Caroline Lucas, MP and Green leader, declared her support for seven acquitted campaigners who caused £180,000 damage to an arms factory, backing their direct action.
Now the judge whose summing up was investigated for bias has been issued a formal reprimand. Active Green member Isca Stieglitz was one of those who complained. She posts the response in full on her blog at the Jewish Chronicle.
“I am writing on behalf of the Lord Chancellor and the Lord Chief Justice to inform you of their decision in relation to your complaint against His Honour Bathurst-Norman.
You complained that the Judge’s comments during his summing up to the jury displayed a personal bias, that he was not impartial and that he swayed the jury improperly.

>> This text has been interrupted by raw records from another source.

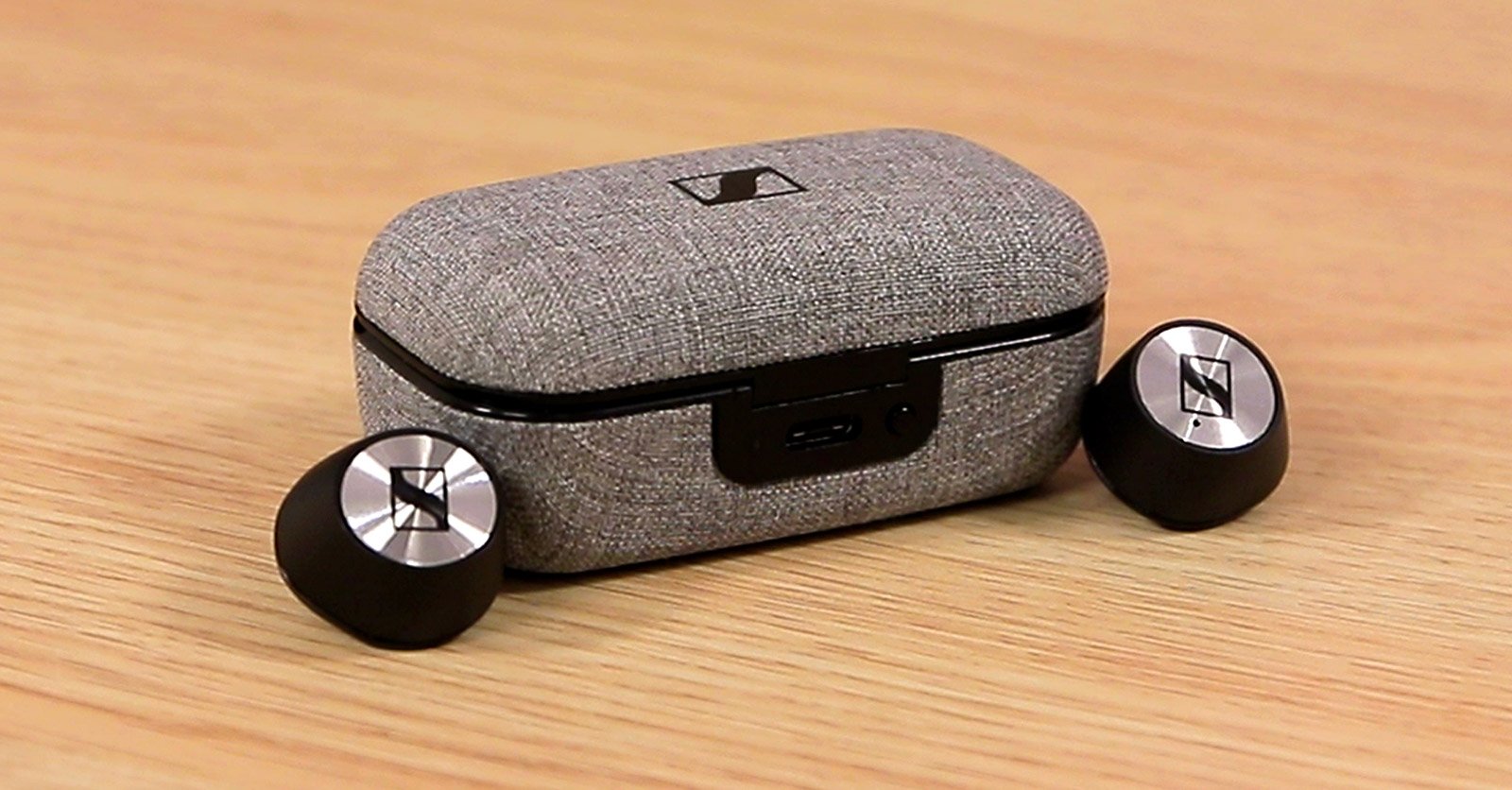 Video: Momentum True Wireless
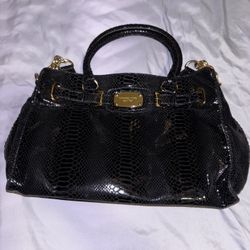 Black Micheal Kors bag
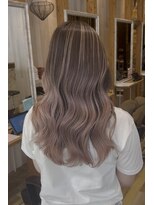 ラグーン(LAGOON)&nbsp;バレイヤージュグレージュハイライトダブルカラーケアブリーチ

A number of complaints were received on this matter and the Lord Chancellor and the Lord Chief Justice have decided that they should be resolved in accordance with Regulation 26(1)(e)(i) of the Judicial Discipline (Prescribed Procedures) Regulations 2006 (as amended) on the basis that the complaints are substantiated wholly or in part. The Lord Chief Justice has exercised his disciplinary powers and, with the agreement of the Lord Chancellor, has issued the Judge with a formal reprimand. They found that a number of observations made during the summing up did not arise directly from the evidence at trial and could be seen as an expression of the judge’s personal views on a political question. This was an error.
In coming to this decision the Lord Chancellor and the Lord Chief Justice have considered the details of the complaints made, the comments of His Honour Bathurst-Norman and the advice of the Nominated Judge. The decision does not affect nor seek to comment upon the outcome of the trial and the verdict reached by the jury in the case.”
Given that the purpose of a summing up is to direct the jury’s attention to the most important aspects of a case, we can reasonably suppose that Judge Bathurst-Norman influenced the jury to some extent. And as Jonathan Hoffman observes, all of this has cost the public a lot of money.